The Devil's Match (The Devil DeVere #4)(8)



“May we at least have a moment alone?” Vesta pleaded. “Just a few minutes in the garden? Please, Aunt Di.”

“What harm can there be?” Ludovic asked, glancing from the couple to Diana, who visibly bristled at him. He knew she didn’t wish to concede for that would also place her alone with him. “Given my brother’s eagerness to see the knot tied, I daresay any damage has already been done.”

The younger couple colored and exchanged guilty glances.

“Five minutes,” Diana said tersely. “Not a moment longer.”

Vesta nodded and seemed to glow when Hew offered his arm.

“Edward will not like this at all,” Diana remarked after the couple had departed out the terrace door.

“But he will accept it nonetheless,” DeVere countered.

“I never could have pictured Hew and Vesta,” she said. “But I daresay they seem to have grown fond of one another, which I suppose gives them as good a chance as any of making a go of it.”

“So cynical, Diana?”

“I have reason, as you well know, but isn’t the pot calling the kettle black?”

He laughed. “Mayhap so, for I have little faith in the institution of marriage. Had I my choice, I would abolish it altogether.”

“And pray, what would that accomplish other than creating a country teeming with illegitimate children?”

“At least there would be no stigma to bastardy,” he said blandly. “All would equally fall under the bar sinister.”

“And who do you suppose would take responsibility for all these unnamed children?”

“Were we to adopt the ways of the East, as in the sultan’s harem, they would be raised all together. It’s rather a hedonistic ideal, is it not?”

“You do not believe a man should provide for his own offspring?” she asked with disdain.

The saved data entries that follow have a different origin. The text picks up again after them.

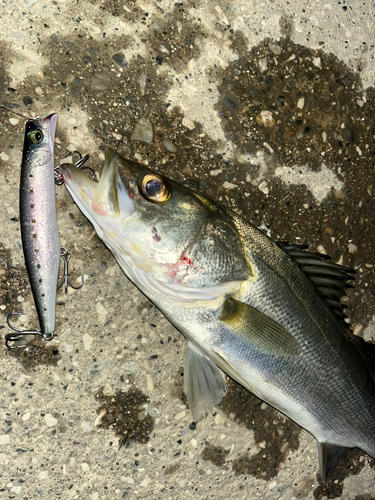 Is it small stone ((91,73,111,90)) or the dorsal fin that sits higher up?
small stone ((91,73,111,90))

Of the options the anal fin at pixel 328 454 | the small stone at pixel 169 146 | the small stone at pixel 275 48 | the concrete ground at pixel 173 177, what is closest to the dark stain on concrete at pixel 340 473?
the concrete ground at pixel 173 177

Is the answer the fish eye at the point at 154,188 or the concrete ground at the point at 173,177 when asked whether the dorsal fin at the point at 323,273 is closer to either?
the concrete ground at the point at 173,177

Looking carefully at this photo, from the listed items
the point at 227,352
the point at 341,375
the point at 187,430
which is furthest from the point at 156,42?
the point at 187,430

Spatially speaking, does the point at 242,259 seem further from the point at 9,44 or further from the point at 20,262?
the point at 9,44

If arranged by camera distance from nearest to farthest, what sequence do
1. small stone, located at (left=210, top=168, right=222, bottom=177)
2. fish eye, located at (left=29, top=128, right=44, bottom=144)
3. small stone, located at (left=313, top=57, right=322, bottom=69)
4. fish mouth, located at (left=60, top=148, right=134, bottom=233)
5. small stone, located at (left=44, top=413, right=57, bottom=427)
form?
fish mouth, located at (left=60, top=148, right=134, bottom=233) → fish eye, located at (left=29, top=128, right=44, bottom=144) → small stone, located at (left=44, top=413, right=57, bottom=427) → small stone, located at (left=210, top=168, right=222, bottom=177) → small stone, located at (left=313, top=57, right=322, bottom=69)

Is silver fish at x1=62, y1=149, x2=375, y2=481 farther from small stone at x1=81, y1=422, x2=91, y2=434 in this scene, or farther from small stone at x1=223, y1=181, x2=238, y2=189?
small stone at x1=81, y1=422, x2=91, y2=434

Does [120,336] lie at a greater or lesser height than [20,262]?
lesser

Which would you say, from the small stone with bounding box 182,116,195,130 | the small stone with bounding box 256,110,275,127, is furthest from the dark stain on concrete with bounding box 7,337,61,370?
the small stone with bounding box 256,110,275,127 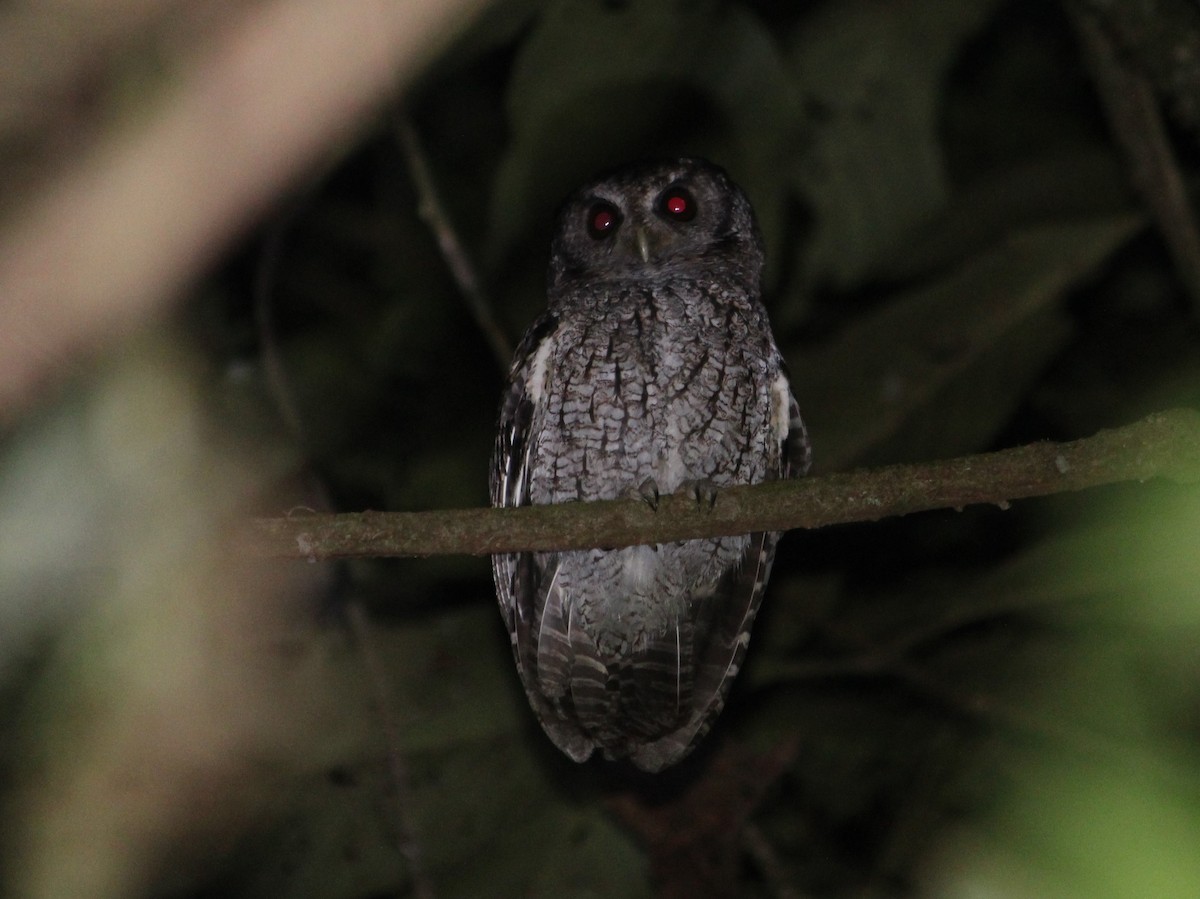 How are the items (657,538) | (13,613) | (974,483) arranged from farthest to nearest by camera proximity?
(657,538), (974,483), (13,613)

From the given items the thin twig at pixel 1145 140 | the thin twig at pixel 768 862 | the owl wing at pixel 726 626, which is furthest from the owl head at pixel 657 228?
the thin twig at pixel 768 862

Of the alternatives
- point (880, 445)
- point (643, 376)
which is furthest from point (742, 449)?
point (880, 445)

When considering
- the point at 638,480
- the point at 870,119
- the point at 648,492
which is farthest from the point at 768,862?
the point at 870,119

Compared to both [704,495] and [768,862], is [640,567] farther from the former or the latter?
[768,862]

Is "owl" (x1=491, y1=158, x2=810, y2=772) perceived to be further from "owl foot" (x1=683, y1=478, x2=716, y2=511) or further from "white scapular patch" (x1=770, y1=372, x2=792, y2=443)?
"owl foot" (x1=683, y1=478, x2=716, y2=511)

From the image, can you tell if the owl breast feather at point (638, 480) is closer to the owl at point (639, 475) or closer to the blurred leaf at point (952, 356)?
the owl at point (639, 475)

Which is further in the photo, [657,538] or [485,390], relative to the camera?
[485,390]

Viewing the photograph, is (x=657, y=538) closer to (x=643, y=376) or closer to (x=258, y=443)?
(x=643, y=376) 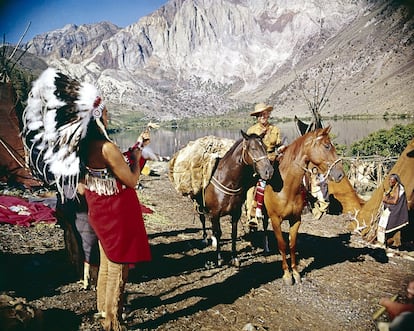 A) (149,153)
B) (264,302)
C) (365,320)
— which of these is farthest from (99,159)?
(365,320)

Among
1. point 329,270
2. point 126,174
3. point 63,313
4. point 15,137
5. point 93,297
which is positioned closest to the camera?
point 126,174

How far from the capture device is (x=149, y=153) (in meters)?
3.79

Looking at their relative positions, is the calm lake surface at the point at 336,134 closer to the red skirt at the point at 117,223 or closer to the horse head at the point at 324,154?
the horse head at the point at 324,154

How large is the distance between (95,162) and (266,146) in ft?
16.5

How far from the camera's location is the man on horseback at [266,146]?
728cm

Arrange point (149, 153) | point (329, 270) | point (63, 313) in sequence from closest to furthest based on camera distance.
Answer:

“Certainly he should...” Ludovic retrieved an enameled snuffbox from his pocket, a memento from his days in Paris, and studied the bawdy picture on the lid. “...if he can be certain they are truly his. In this country, the law covers a multitude of sins, for a man has no choice but to claim another’s bastard if he and the woman are wed at the time. In Constantinople, the law protects a man from the injustice of raising another’s bastard.” He took a pinch of his favorite custom blend, replaced the box in his pocket, and shook out his lace cuffs.

“And how is that contrived?” she asked.

“A sultan is permitted to take four wives to provide his heirs and then numerous concubines to provide his pleasure. He is required to provide for the material wants of all the women and children under his care. In return, they are kept segregated from any other males, save eunuchs. To even speak to any of these women can merit a penalty of death.”

Her lips thinned. “A hundred women enslaved to one man? And kept confined for life? You speak as if you condone this barbaric practice.”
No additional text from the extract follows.